Jack Watherston
- Full name: Jack Greenshields Watherston
- Date of birth: 24 August 1909
- Place of birth: Edinburgh, Scotland
- Date of death: 17 November 1990 (aged 81)
- Place of death: Roxburghshire, Scotland
- School: Sedbergh School
- University: Corpus Christi College

Rugby union career
- Position(s): Flanker

International career
- Years: Team / Apps / (Points)
- 1934: Scotland / 2 / (0)

= Jack Watherston =

Jack Greenshields Watherston (24 August 1909 — 17 November 1990) was a Scottish international rugby union player.

Born in Edinburgh, Watherston was educated at Sedbergh School and Corpus Christi College, Cambridge.

A flanker, Watherston gained blues in varsity rugby at Cambridge University.

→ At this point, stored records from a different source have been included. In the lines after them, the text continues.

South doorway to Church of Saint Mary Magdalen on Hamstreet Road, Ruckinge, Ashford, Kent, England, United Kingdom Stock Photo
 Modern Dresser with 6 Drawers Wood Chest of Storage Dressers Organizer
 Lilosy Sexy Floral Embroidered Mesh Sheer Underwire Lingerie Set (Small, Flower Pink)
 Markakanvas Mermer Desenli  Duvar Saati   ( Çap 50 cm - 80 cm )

He played his rugby in Scotland for Edinburgh Wanderers and Jedburgh. In 1934, Watherston was capped twice for Scotland during their Home Nations campaign, against Ireland at Murrayfield and England at Twickenham.

Watherson's daughter Diana was married to British peer Hugh Courtenay, 18th Earl of Devon. His grandson Charles Courtenay, 19th Earl of Devon, is a Member of the House of Lords.